Vouvray Mousseux Brut
Le Haut Lieu Sec
Le Mont Sec
Le Clos du Bourg Demi-Sec
 

1984
A normal yield but this was a vintage with delayed maturity caused by a wet start to the season. The summer was dry, but rains arrived again in September and it was a late and wet harvest, only commencing at the start of November. Only pétillant and sec produced.
Le Haut Lieu Sec

1985
This is peculiar vintage. The spring of 1985 was unusually dry and there is a common theme throughout the appellation in that the blocked maturity meant that the wines have remained muted and have never really opened up. According to Noel this is also true of the wines of Philippe Foreau. Conditions were good from the middle of August right through until November. It was the first vintage since 1973 that any moëlleux was produced at Huet.
Le Haut Lieu Sec
Le Haut Lieu Demi-Sec
Le Mont Demi-Se
c
Le Haut Lieu Moëlleux
Le Mont Moëlleux  
Le Clos du Bourg Moëlleux
Le Clos du Bourg Moëlleux
1ere Trie

1986
This is remembered as a very difficult growing season with a huge storm compounding problem of rot close to harvest. The resulting wines are good if not exceptional. Yields were slightly higher than normal and it was possible this vintage to produce a full range of styles.    
Le Haut Lieu Sec
Le Mont Demi-Sec
Le Clos du Bourg Moëlleux

1987
A big vintage (55hl/ha) resulting from a difficult growing season with rain in the spring and during the harvest. The pétillant Sec is actually a blend of two vintages – 1987 (about 85%) and 1991. The 1987 wine was originally bottled as a sec in 1988, but Noel was never happy with the wines evolution. After the devastating 1991 vintage where due to the frost that blighted the Loire in this year, Noel decided to decant all the 1987 and blend with the miniscule (3hl/ha) 1991 harvest. The wine was bottled in 1992 as a full mousseux, but the passage of time has seen the CO2 dissipate to that of a pétillant. Vouvray Pétillant Brut
Le Haut Lieu Sec
Le Clos du Bourg Demi-Sec

1988
A great vintage, producing archetypal Vouvray, although somewhat overlooked by the reputation of 1989 and 1990. It was a very small vintage (20hl/ha) although a range of table wines were produced. The success of the year, however, is the demi-sec, the best since 1971 and still in pristine condition due to his notable acidity. There were no sparkling wines produced this vintage. Le Clos du Bourg Moëlleux is a special bottling in magnum for the 7eme Paulée Vin de Pays de Loire, 13 mars 1989. They were commissioned in a special bottle by George Jalleret of the hotel-restaurant Grand Monarque in Chartres. The analysis here suggests that it could have been labelled as a 1ere trie, although there was more passillerage than botrytis this vintage.
Vouvray Sec  
Le Haut Lieu Sec
Le Haut Lieu Demi-Sec
Le Mont Demi-Sec
Le Clos de Bourg Moëlleux (magnum)

1989
An exceptional vintage, comparable in quality to 1947. A mild winter and warm spring led to early budding and flowering was three weeks ahead of normal. A token sec and demi-sec were made, but this is a year for sweet wines. Noël states that if a vigneron were to prepare a document which stated the ideal conditions for the season, then this would be the model (on the basis that you wanted to make sweet wines every year, of course). Coming after such a dearth of sweet wine vintages (one has to go back to 1971 to find anything even remotely worthy), this year was met with much international excitement.

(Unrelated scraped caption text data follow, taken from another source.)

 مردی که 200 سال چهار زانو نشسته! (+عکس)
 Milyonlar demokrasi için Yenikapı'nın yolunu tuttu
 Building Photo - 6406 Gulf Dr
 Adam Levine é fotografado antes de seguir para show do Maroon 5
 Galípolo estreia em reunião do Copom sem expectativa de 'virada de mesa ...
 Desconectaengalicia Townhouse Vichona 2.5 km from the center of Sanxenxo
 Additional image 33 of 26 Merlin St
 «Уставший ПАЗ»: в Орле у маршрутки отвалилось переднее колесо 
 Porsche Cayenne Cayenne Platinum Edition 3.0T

The harvest followed a hot and perfect summer, with a nominal 10mm of rain falling each month. Picking started at the end of September and extended into early November. The conditions were such that there was never any hurry to bring in the crop. This is the last time that a harvest extended into November at the domaine; something that Noël directly attributes to global warming.

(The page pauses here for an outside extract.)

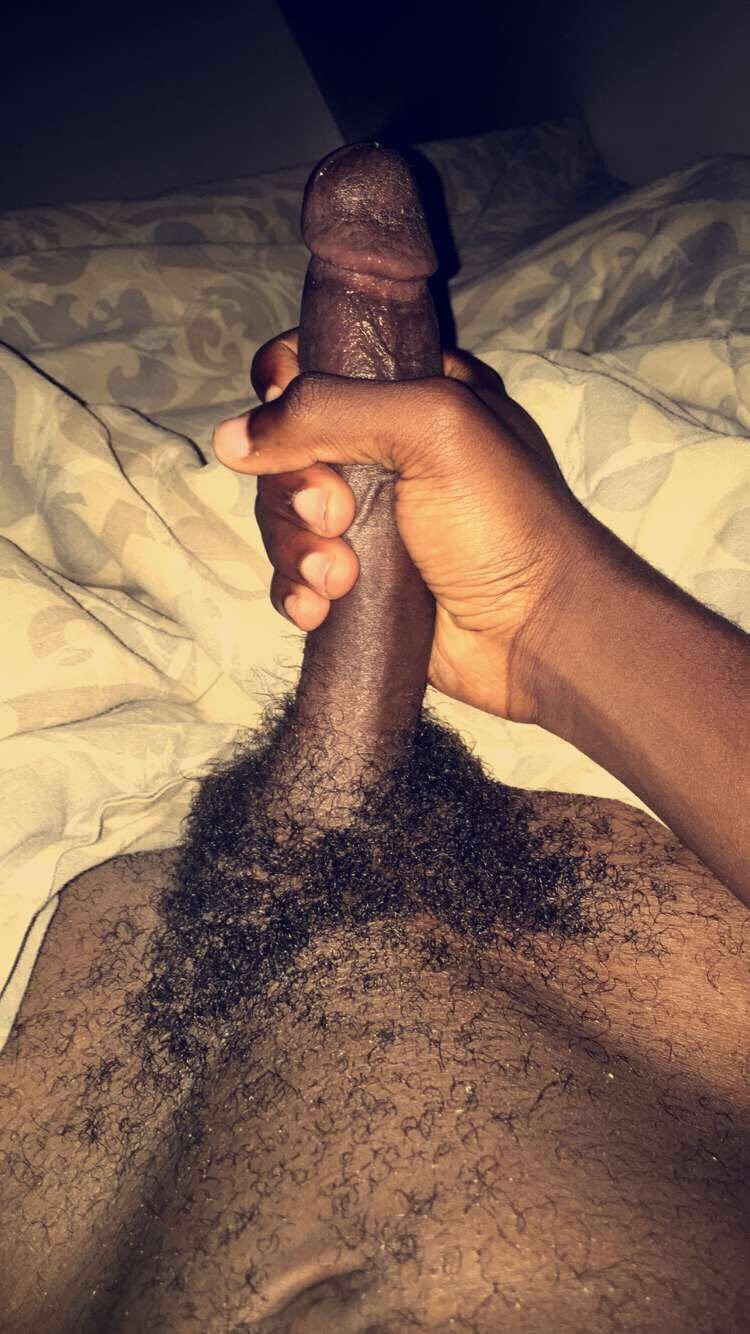 charntae:  😏💦 #reblog  Insta: fvckofftae  Snap: imchicago97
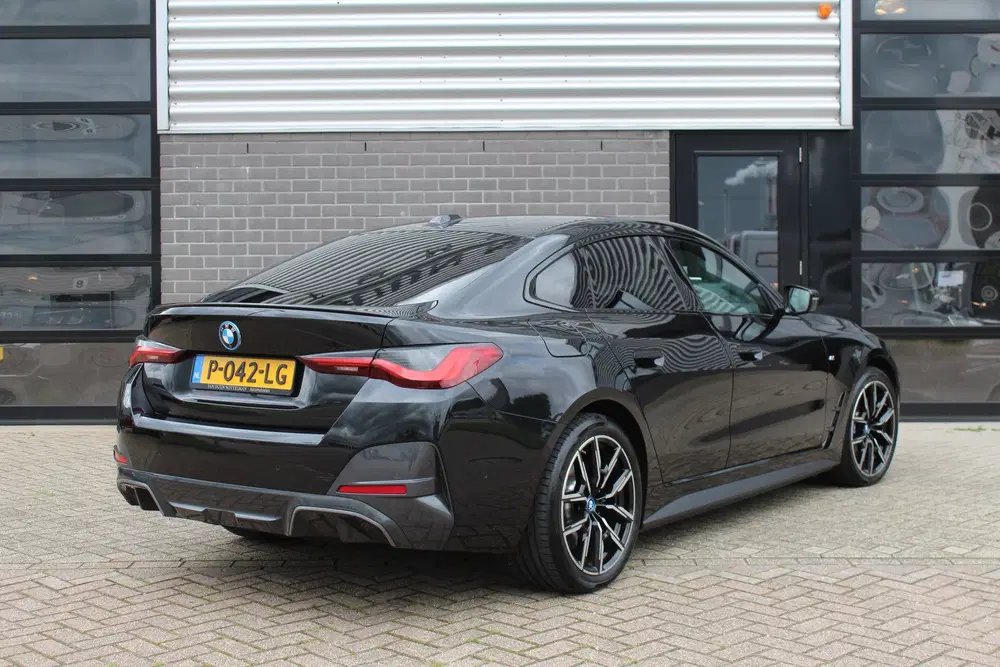 BMW i4 eDrive40 High Executive 84 kWh uit 2022, foto 3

Not only is 1989 of the highest possible quality, the yields were also bountiful at between 40 and 45hl/ha; remarkable considering the harvest consisted mainly of desiccated berries, although this vintage delivered the first ever release of the now legendary Cuvée Constance, in honour of Gaston’s mother. The 1989 consists of the first and last pressings of the Le Mont 1ere Trie, blended with the two experimental blends, detailed below. There was very little botrytis this vintage due to the hot and dry conditions, however Cuvée Constance is harvested, at 5hl/ha, from berries affected only by noble rot. The cuvée ‘Biodynamic’ was Noël’s first experimental wine made from vineyards that were at that stage still in conversion, whilst ‘Temoins’ was the ‘reference’ bottling to the biodynamic experiment.
Vouvray Sec
Le Haut Lieu Sec
Vouvray Demi-Sec
Le Haut Lieu Moëlleux
Le Haut Lieu Moëlleux 1ere Trie                                           
Le Mont Moëlleux 1ere Trie          
Le Clos du Bourg Moëlleux 1ere Trie
Le Clos de Bourg ‘Biodynamic’
Le Clos de Bourg ‘Temoins’
Cuvée Constance

1990
Ever since the early 1990s, there has been numerous debates and taste-offs between Loire lovers to try and establish which of the two years - 1989 or 1990 - would prove to be the better vintage. Both are superlative sweet wine years, although the conditions leading up to harvest, along with the resulting wines could not have been more different. Whilst 1989 is a distinctly passillerage year, 1990 was distinguished by the arrival of botrytis. Neither before or since has Noël seen such an expression of noble rot in the vines at Huet. All the 1ere Trie wines are 100% botrytis affected and as a result there was no Cuvee Constance produced this year; being little or no distinction between the style and quality of these three wines. As with 1989, a nominal sec exists, and the yields for the two vintages are also comparable.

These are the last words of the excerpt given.